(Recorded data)
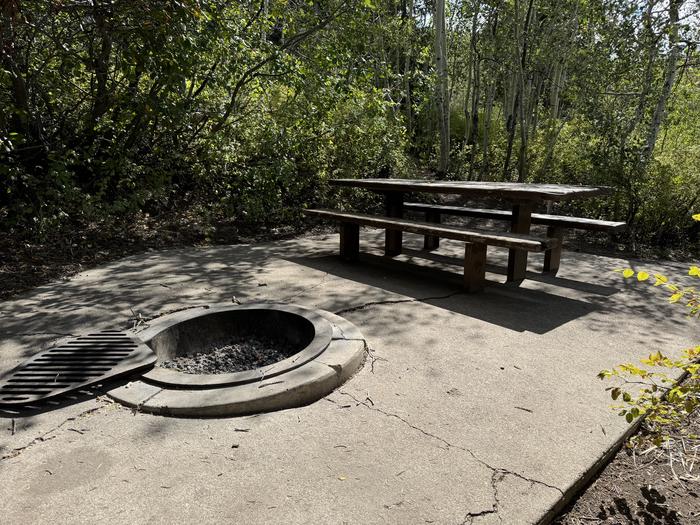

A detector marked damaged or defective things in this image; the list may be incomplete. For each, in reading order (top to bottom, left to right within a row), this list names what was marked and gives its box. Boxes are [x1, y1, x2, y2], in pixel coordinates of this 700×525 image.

crack in concrete [334, 288, 464, 314]
crack in concrete [1, 404, 105, 460]
cracked concrete [0, 231, 696, 520]
crack in concrete [338, 388, 564, 520]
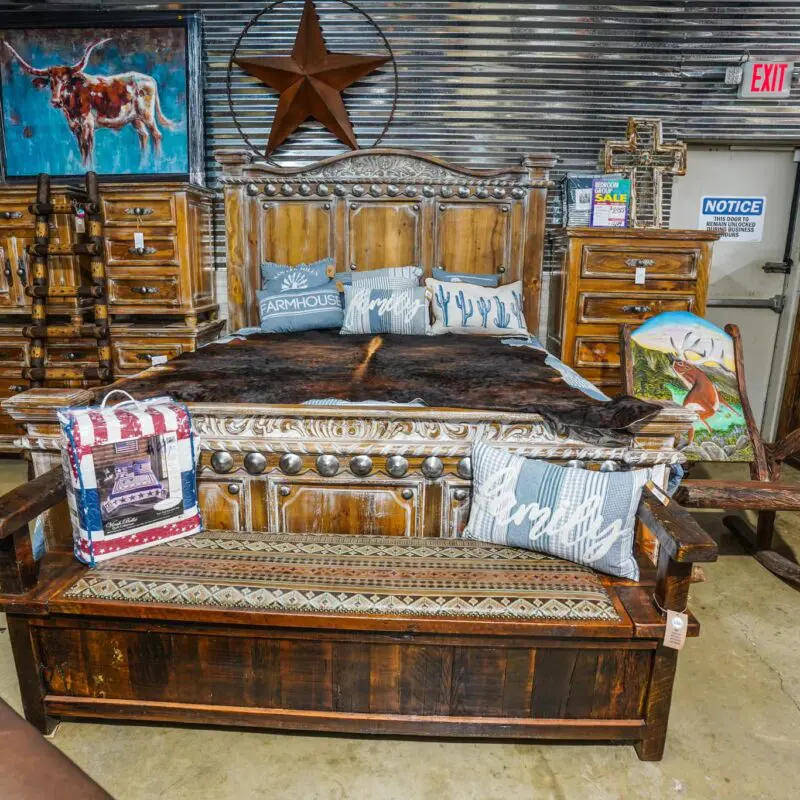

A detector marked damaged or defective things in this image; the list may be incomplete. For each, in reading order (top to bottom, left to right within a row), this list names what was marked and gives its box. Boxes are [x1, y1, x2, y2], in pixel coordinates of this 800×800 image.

rusted star ornament [233, 0, 390, 155]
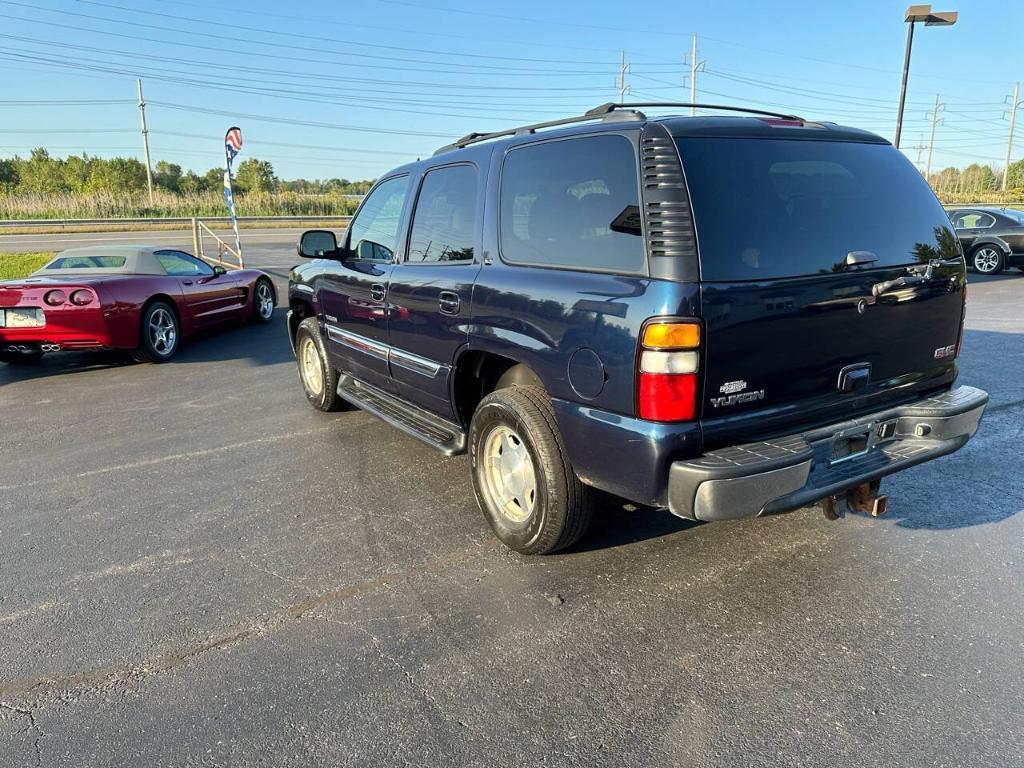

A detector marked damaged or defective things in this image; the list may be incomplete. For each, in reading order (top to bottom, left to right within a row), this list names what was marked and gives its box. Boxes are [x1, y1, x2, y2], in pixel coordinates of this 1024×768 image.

crack in asphalt [0, 536, 499, 708]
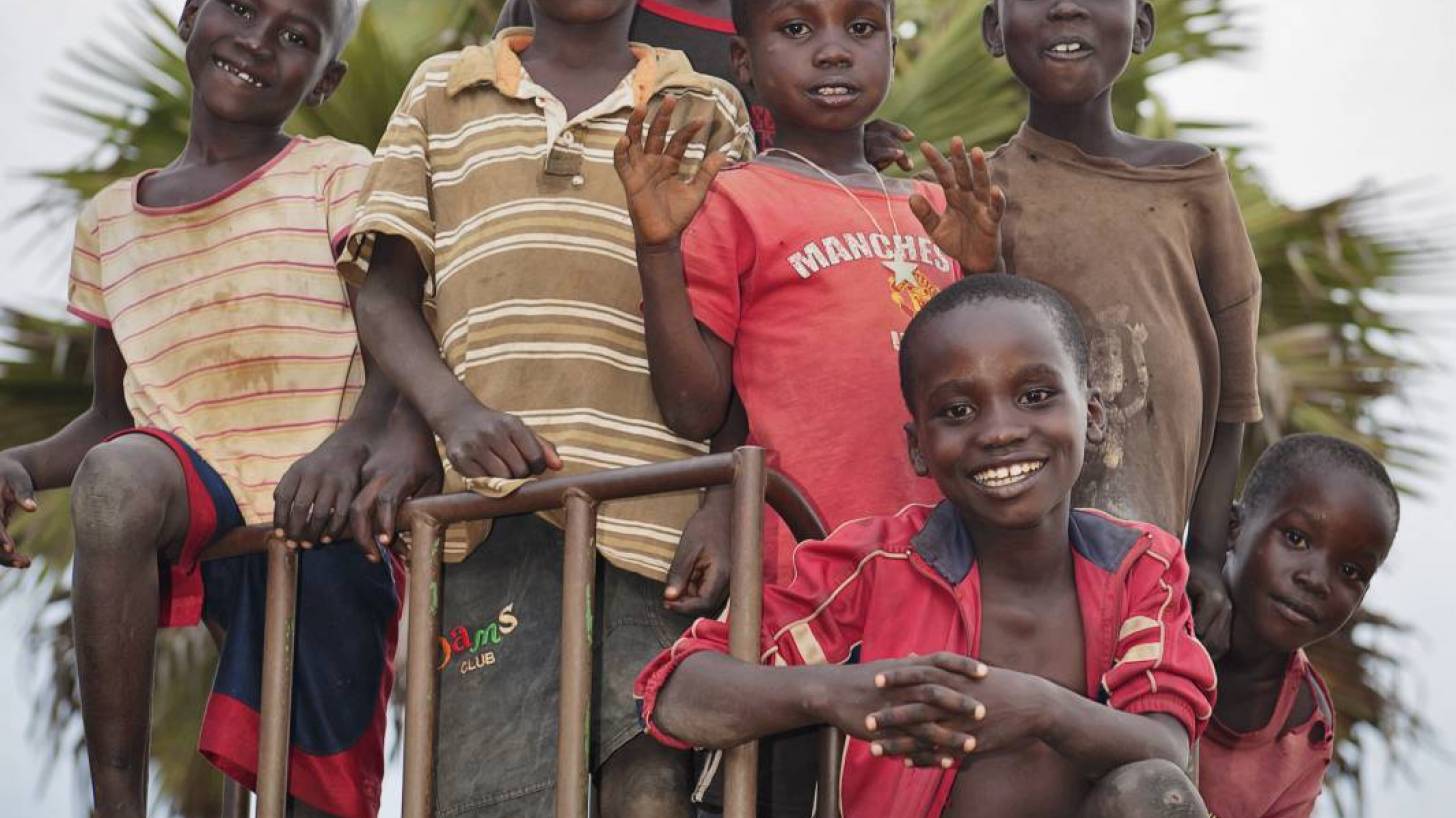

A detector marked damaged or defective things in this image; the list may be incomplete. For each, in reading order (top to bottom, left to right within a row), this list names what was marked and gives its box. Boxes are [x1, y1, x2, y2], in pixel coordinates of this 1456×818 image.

rusty metal pipe [256, 535, 298, 815]
rusty metal pipe [404, 515, 442, 815]
rusty metal pipe [559, 489, 599, 815]
rusty metal pipe [722, 445, 768, 815]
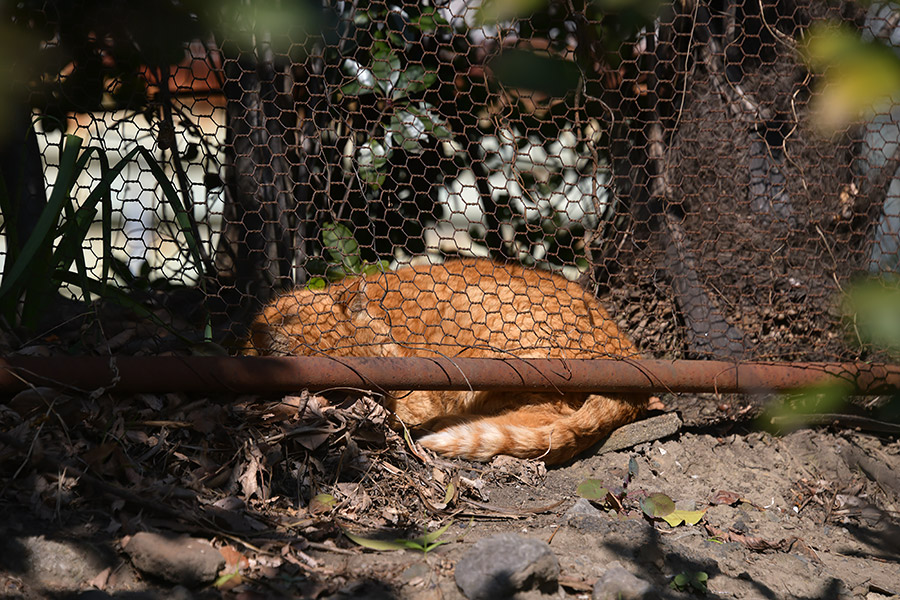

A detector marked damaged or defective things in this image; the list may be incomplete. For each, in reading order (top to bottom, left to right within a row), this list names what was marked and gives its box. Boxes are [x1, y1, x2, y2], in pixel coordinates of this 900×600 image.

rusty wire mesh [5, 1, 900, 376]
rusty metal pipe [0, 356, 896, 398]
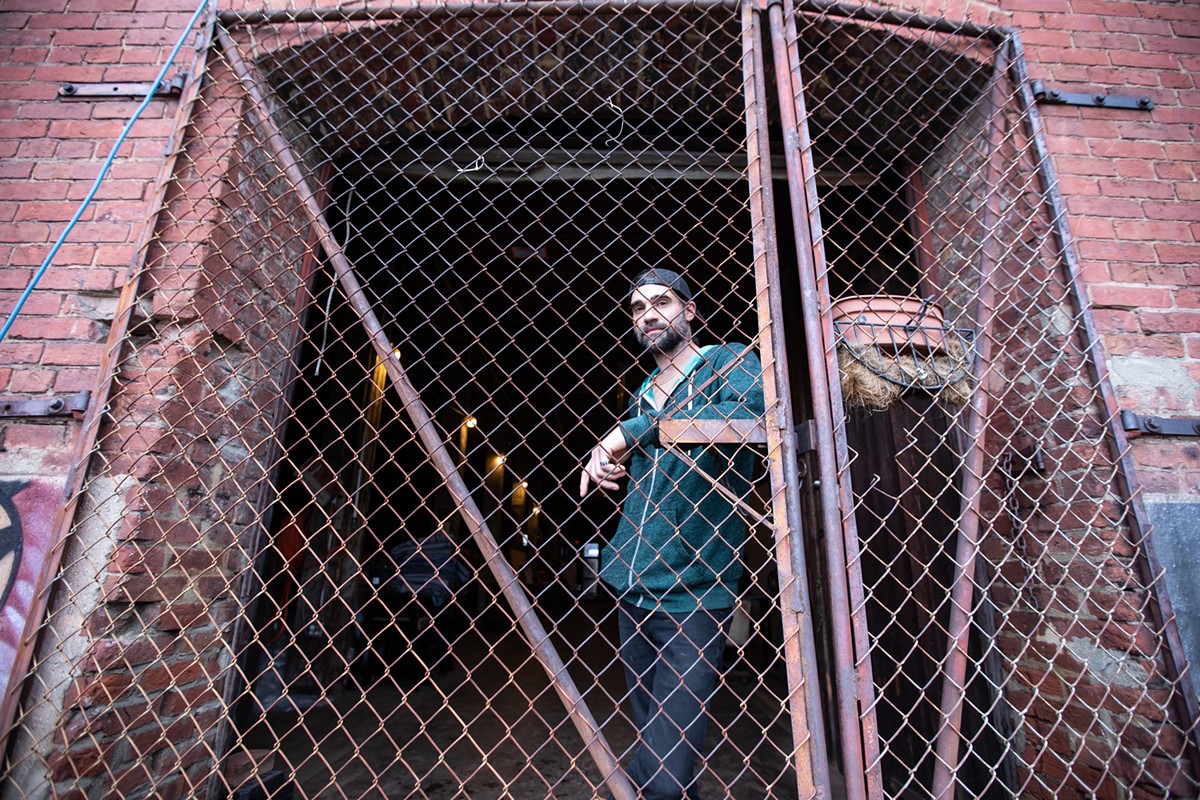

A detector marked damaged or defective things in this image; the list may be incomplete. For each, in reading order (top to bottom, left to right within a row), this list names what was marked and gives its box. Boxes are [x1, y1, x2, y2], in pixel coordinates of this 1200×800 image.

rusted metal gate frame [0, 10, 220, 762]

Instructions for the task: Find the line that contains "this 1200×800 image.". Repeat it and every line after it, exactly as written, up to and including the last line of the records above.

Exercise result:
A detector marked damaged or defective things in this image; the list may be incomplete. For each, in reading order (top to bottom, left to right within a row), this list names what was marked and gives its box. Boxes are [x1, y1, x2, y2], in pixel coordinates of this 1200×800 image.

rusted metal gate frame [0, 10, 220, 762]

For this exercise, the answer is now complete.